4. Popularity-Aware In-Network Caching Policy

Identifying the popularity of contents and caching them to the suitable network level is crucial for the popularity-aware caching policy (Pop). This section will present a demonstration of Pop first and then introduce the implementation of the key mechanisms in detail.

According to the analysis in Section 3.2, the popularity of content will affect the request probability distribution in each level node. So, we can distinguish the popularity of contents according to the request records in caching nodes.

As a demonstration, we still use the standard binary tree network to explain main idea of the Pop policy. We use LRU as the eviction policy due to its excellent performance (evaluation details in Section 5.2), and the processing of caching decision is showed as Figure 3. Now, we consider a user node sends three contents requests to the cloud. They are high popularity content Ra, medium popularity content Rb, and low popularity content Rc. These PIT tables (NDN module, details in Section 4.1) will record three content requests (Ra, Rb, and Rc), and their in-records are all marked in the right sub-Face. After that, while waiting for the cloud content return, the N1, N2, and N3 nodes will continue to receive content requests ( shown in Figure 3) from the upper sub-Face. According to the analysis of request probability, content popularity, and node location in Section 3.2. The N1 node has a great chance to receive Ra and Rb content requests on the upper sub-Face. N2 node may receive Ra request. The probability of the N3 node receiving these content requests is extremely low.

Therefore, when Ra, Rb, and Rc are returned, each caching node will make the caching decision based on the PIT table. We set the caching condition that the returned content will be cached in the first node, which does not record its request in both sub-Faces. According to the records shown in Figure 3, node N1 will cache Rc, node N2 will cache Rb, and node N3 will cache Ra. So far, the Pop policy has completed a distributed caching based on the content popularity and caching node network level.

Besides, the mechanism for reducing caching redundancy is in Section 4.2. The detail and the related algorithm extend the above caching condition to a more generalization and complex hierarchical network are in Section 4.3.

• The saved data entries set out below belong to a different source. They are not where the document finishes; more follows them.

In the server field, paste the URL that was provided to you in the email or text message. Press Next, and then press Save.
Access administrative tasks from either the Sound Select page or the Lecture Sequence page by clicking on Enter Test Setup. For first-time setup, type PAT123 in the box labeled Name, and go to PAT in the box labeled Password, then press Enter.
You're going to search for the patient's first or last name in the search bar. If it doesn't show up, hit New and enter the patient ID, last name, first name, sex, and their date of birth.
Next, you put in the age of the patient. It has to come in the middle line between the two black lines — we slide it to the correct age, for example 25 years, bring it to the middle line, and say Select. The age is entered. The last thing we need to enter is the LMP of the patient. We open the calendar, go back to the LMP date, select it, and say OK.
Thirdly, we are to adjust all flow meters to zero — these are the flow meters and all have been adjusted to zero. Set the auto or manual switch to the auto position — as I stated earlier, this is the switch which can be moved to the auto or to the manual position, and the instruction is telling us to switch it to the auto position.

4.1. Request Recording Mechanism

We use NDN as the underlying network. NDN allows establishing communication interfaces between nodes through various underlying protocols, such as Ethernet, TCP, UDP, and Socket. They are unified and abstracted as Face. The communication of NDN is launched by the users, and their requests will be encapsulated in a packet called Interest and routed to the cloud. The content returned by the cloud will be encapsulated in a packet called Data and routed to users. The PIT (Pending Interest Table) is the native mechanism of NDN, whose function is to record the name of Interest that the node has forwarded but has no Data returned from the upstream. Therefore, we can directly use PIT as the request recording mechanism and avoiding the additional design.

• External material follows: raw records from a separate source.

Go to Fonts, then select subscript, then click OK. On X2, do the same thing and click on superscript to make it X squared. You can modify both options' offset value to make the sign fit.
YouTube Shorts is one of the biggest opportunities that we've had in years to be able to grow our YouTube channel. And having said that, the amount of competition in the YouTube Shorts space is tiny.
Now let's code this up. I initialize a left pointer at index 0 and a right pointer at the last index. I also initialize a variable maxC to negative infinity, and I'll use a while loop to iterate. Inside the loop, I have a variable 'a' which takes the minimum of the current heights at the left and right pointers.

As shown in Table 2, PIT mainly consists of three parts. Entry is the Interest name that has been forwarded. In-record is the downstream source Face ID. Out-record is the upstream forwarding Face ID. The records in the table indicate that the node has received Ra and Rb requests, where Ra has been requested on both Faces 1 and 2, and Rb only has requested on Face 2. Do not consider other records. According to the above caching conditions, Ra will be directly forwarded to Faces 1 and 2; Rb will be cached and then forwarded to Face 2. And then, the node will immediately clear all Ra and Rb records in the PIT. The maintenance of the PIT table is implemented by the Named Data Networking Forwarding Daemon (NFD) [29].

4.2. Cached Tag Design of the Returned Data

Only based on the above caching condition, it cannot avoid the returned Data be repeated caching on the return path. We designed the Cached Tag to solve this problem.

As shown in Figure 4, we denote the returned Data as C and add the Cached Tag to its header field. When Data C returns from cloud, its Tag is initialized to 0. As the Data C hops to the user node along the return path, it will go through the Tag detection process on each caching node. At node N1, Data C does not meet the caching condition, the value of Tag unchanged, and it is directly forwarded to node N2. At node N2, Data C meets the caching condition; the value of Tag is changed to 1, and then, it is forwarded to node N3 after caching. After receiving Data C, the N3 node checks that the Tag of C is 1, so it directly abandons the caching and forwards it to the user.

Besides, we also designed a Tag reset mechanism to optimize the efficiency of content caching further. Specifically, when the request triggers cache hits on the caching node, the returned Data is allowed to reset the Tag value to 0, thereby obtaining another caching opportunity. The Tag reset mechanism will generate benefits from two aspects.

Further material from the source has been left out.